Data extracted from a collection
········
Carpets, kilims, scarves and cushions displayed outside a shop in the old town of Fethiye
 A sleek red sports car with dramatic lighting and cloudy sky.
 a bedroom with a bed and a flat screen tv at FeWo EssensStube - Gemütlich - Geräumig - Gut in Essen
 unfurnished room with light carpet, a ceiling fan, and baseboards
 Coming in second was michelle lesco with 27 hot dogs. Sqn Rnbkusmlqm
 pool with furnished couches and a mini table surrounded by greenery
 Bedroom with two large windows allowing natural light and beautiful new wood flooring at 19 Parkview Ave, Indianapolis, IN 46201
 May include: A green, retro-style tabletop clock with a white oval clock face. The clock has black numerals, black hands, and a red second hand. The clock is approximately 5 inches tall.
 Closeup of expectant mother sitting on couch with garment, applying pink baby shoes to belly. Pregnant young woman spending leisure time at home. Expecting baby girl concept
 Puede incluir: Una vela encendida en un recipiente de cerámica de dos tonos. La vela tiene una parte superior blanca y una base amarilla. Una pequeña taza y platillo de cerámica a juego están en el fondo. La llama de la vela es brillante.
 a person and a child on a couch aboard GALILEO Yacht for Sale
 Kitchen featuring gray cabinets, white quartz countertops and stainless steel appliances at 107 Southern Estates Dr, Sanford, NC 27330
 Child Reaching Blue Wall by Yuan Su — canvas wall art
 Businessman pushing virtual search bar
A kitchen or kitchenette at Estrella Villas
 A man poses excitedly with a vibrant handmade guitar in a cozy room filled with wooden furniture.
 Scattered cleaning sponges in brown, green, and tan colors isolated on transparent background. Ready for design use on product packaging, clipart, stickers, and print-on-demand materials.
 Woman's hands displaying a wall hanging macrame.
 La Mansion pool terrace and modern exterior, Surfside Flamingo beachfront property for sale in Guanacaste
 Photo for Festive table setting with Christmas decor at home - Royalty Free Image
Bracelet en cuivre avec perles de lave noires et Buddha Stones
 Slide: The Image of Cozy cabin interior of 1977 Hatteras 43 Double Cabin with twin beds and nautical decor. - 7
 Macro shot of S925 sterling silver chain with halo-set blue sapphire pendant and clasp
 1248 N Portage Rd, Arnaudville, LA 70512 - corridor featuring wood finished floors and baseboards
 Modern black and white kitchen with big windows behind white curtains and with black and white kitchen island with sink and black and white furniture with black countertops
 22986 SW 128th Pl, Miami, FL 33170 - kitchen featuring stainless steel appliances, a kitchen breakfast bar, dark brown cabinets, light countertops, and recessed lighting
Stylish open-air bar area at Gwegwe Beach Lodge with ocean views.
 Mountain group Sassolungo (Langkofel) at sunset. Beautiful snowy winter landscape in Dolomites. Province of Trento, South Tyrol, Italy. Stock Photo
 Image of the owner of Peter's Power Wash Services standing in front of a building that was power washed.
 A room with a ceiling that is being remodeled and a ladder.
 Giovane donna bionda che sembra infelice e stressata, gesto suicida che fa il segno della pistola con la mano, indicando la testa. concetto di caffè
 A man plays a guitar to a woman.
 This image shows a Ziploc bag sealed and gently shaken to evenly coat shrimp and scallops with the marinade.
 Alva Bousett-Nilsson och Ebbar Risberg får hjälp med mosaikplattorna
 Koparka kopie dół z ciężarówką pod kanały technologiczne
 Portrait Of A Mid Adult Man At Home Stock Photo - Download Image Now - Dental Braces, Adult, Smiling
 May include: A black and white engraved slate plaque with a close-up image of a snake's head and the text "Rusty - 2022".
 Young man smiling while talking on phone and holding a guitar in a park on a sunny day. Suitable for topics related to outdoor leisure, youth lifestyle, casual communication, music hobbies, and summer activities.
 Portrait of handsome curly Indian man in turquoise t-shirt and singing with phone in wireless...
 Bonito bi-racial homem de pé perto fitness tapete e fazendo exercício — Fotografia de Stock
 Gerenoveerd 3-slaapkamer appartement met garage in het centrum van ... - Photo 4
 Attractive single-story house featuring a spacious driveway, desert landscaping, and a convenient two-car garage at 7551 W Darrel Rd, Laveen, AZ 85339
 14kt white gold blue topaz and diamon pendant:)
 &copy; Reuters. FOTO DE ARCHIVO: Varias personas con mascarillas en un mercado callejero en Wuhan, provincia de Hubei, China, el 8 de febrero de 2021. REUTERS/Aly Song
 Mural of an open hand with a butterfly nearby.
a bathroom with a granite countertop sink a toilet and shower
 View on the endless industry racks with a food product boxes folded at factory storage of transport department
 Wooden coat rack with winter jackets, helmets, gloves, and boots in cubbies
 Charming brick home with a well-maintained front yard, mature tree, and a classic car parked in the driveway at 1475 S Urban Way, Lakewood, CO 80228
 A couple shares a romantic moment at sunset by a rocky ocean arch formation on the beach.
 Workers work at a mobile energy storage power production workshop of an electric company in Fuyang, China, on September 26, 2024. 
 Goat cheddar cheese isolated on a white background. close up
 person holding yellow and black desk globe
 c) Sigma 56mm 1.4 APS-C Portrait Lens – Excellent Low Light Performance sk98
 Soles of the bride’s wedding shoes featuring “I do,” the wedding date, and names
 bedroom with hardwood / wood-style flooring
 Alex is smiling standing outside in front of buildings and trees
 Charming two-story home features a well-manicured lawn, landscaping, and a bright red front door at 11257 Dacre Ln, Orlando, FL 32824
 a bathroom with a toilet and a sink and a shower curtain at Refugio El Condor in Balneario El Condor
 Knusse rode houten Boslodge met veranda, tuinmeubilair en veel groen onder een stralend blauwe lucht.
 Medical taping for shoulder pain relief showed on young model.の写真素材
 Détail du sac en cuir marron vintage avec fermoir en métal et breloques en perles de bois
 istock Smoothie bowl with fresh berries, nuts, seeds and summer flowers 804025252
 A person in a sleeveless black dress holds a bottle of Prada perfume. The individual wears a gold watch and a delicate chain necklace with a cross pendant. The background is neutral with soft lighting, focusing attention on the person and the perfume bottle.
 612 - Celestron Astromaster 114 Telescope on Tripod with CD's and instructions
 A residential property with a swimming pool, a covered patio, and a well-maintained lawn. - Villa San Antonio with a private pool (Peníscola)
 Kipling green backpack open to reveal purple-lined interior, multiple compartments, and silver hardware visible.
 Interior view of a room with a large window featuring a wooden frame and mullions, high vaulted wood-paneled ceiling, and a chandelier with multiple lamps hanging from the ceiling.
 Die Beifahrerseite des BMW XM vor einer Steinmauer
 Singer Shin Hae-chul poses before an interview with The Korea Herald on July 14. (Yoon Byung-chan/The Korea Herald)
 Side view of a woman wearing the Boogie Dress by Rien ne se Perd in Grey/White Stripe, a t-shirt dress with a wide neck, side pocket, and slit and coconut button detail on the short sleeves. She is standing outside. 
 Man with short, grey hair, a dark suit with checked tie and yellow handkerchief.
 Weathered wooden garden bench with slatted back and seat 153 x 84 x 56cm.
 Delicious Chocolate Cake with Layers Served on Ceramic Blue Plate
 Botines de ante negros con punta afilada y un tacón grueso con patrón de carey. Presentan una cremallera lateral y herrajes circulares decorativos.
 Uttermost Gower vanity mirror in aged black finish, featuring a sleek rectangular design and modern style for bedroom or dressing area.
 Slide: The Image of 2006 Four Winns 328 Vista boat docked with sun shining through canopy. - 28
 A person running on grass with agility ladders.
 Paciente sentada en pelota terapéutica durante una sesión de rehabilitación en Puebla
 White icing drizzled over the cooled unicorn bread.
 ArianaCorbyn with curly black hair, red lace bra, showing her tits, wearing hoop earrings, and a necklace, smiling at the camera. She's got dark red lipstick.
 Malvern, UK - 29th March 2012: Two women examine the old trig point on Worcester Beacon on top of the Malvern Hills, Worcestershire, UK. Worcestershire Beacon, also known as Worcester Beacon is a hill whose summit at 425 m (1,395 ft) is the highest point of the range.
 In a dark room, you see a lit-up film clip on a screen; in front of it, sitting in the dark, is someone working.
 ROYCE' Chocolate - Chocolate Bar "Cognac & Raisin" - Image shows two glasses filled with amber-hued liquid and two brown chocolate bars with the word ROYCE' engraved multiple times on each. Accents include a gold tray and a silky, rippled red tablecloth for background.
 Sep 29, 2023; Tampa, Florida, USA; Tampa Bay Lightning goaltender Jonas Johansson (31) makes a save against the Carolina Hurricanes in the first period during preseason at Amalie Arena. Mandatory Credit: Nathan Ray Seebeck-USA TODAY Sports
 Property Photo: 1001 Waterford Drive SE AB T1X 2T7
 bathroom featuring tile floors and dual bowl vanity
········
## What you should do:
The required answer is the exact run of lines above starting at the line with "22986 SW 128th" and ending at the line with "Image of the", with both ends present.

## Solution for this problem:
 22986 SW 128th Pl, Miami, FL 33170 - kitchen featuring stainless steel appliances, a kitchen breakfast bar, dark brown cabinets, light countertops, and recessed lighting
Stylish open-air bar area at Gwegwe Beach Lodge with ocean views.
 Mountain group Sassolungo (Langkofel) at sunset. Beautiful snowy winter landscape in Dolomites. Province of Trento, South Tyrol, Italy. Stock Photo
 Image of the owner of Peter's Power Wash Services standing in front of a building that was power washed.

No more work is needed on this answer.